Stewart Resmer and his wife, Barbara, enjoyed a hot cup of Irish Coffee with New York Governor Hochul at Rosie O’Gradys new location during the Wayne, New Jersey couple’s visit to Manhattan’s St Patrick’s Day Parade, which first began in 1762 – 14 years before the US Declaration of Independence – and is one of the world’s largest Irish heritage festivities.

The first parade was held in 1762 on lower Broadway by homesick Irish ex-patriots and Irish military serving with the British Army stationed in the colonies and New York City. This was the 263rd St. Patrick’s Day Parade in New York City.

However, according to the New York Historical Society Museum & Library, the first known reference to a St. Patrick’s Day celebration in the Big Apple is found in a 1756 issue of the “New-York-Post-Boy” newspaper.

This means that the parade has been a fixture in New York City for the past 262 years, with military units organizing the event for the first few years, according to NYC Saint Patrick’s Day Inc. It wasn’t until after the War of 1812 that Irish fraternal and benevolent societies took over hosting duties and sponsored the parade.

“Originally, the Irish societies joined together at their respective meeting places and moved in a procession toward Old St. Patrick’s Cathedral in Lower Manhattan on Mott & Prince Streets where the Archbishop of New York would then address the crowd before revelers dispersed to celebrate,” NYC Saint Patrick’s Day Inc. describes.

St. Patrick, the Patron Saint of Ireland, is credited with bringing Christianity to the island and he has become so closely associated with Ireland, that St. Patrick’s Day has become a day of celebrating Irish heritage.

A popular legend suggests that St. Patrick would explain the concept of the Holy Trinity during his missionary travels with a shamrock — and through time the shamrock became a popular symbol of St. Patrick’s Day and Irish heritage.

The St.
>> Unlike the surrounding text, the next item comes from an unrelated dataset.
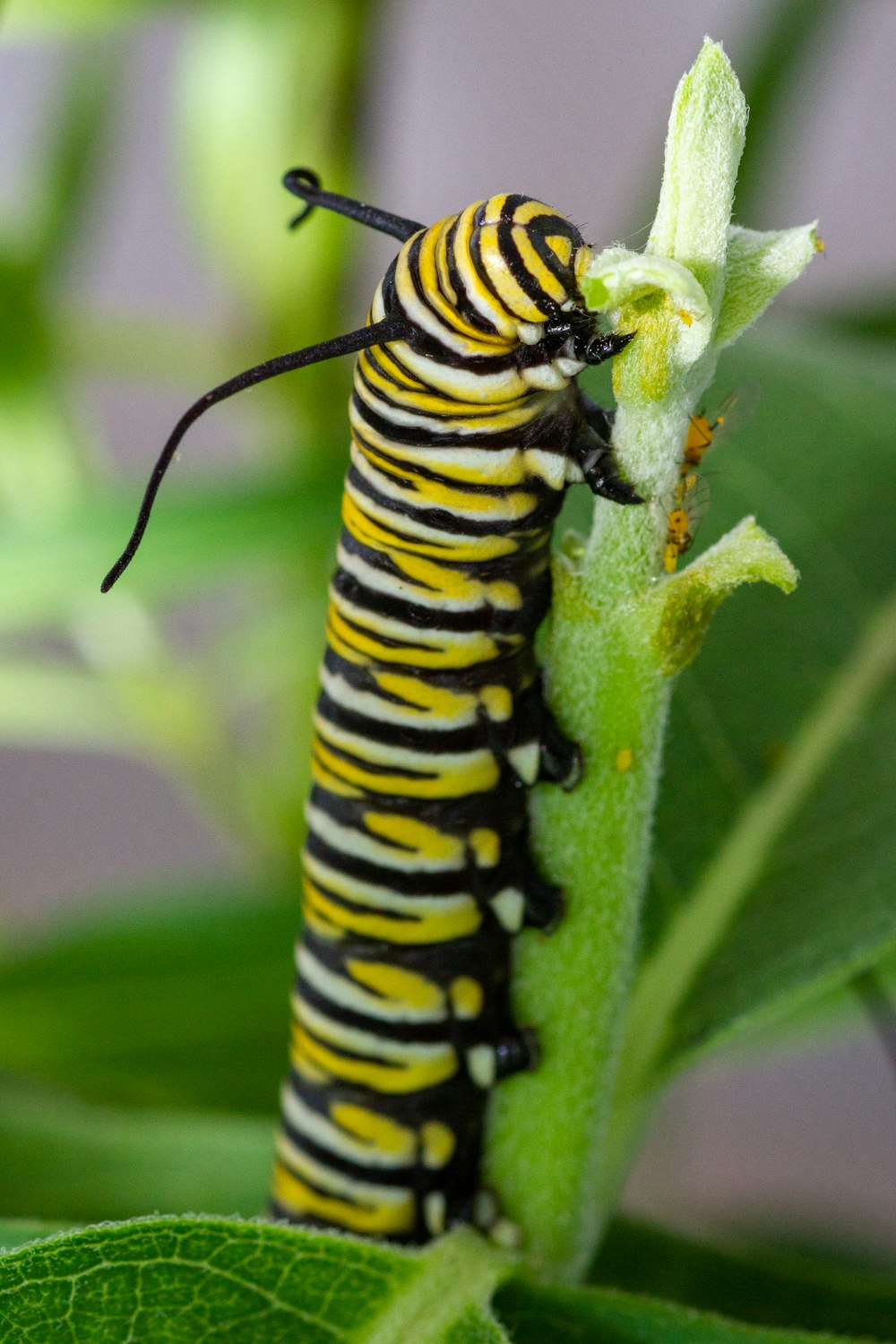 a close up of a caterpillar on a plant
Patrick’s Day Parade has become one of the most beloved traditions of the Big Apple.

Megan Stransky of Houston and two relatives planned a Broadway weekend to coincide with the parade, seeing it as a prime opportunity to remember their family’s Irish roots and the traditions that helped shape their upbringing.

Bagpipers march along Fifth Avenue during the St Patrick’s Day Parade (AP)

The event did not disappoint. “There is no comparison to any other parade or city that I’ve been to,” Stransky marveled, as she took in the bagpipers, bands, police and military contingents and more.

The grand marshal, Irish-born Heineken USA chief executive Maggie Timoney, is the first female head of a major US beer company.

State Police march along Fifth Avenue in New York City (AP)

At a pre-parade reception at New York’s mayoral residence, Minister for Justice Helen McEntee hailed the recognition for Timoney and noted some other causes for celebrating Irish American links this year, including Cork actor Cillian Murphy’s Best Actor Oscar win last weekend.

New York City has multiple parades on various dates around its five boroughs – including, on Sunday, the first St Patrick’s Day parade allowing LGBTQ+ groups to march on Staten Island.

A kayaker floats on the Chicago River (AP)

Mayor Eric Adams last month announced the plan for the new, privately organized celebration, arranged after a local group had asked for years to join the borough’s decades-old parade.

That longstanding event, which does not allow groups to march under LGBTQ+ banners, happened earlier this month.

The Manhattan parade began allowing LGBTQ+ groups and symbols in 2015, after decades of protests, legal challenges and boycotts by some politicians.

Attorney General of New York, Letitia James, left, and New York Governor Kathy Hochul, march during the city parade (AP)

Ahead of Chicago’s parade, thousands of people “many decked out in green with beers in hand” gathered along the Chicago River to watch the local plumbers’ union boats turn the water green.

Organizers say the tradition, started by the union, uses an environmentally friendly powder once used to check pipes for leaks.

Celebrations were moved to Saturday in many US cities (AP)

In Savannah, Georgia, organizers expected a historic crowd to participate in the parade, which started in 1824.

Ahead of the bicentennial, Georgia’s oldest city had nearly 18,000 hotel rooms booked for the weekend.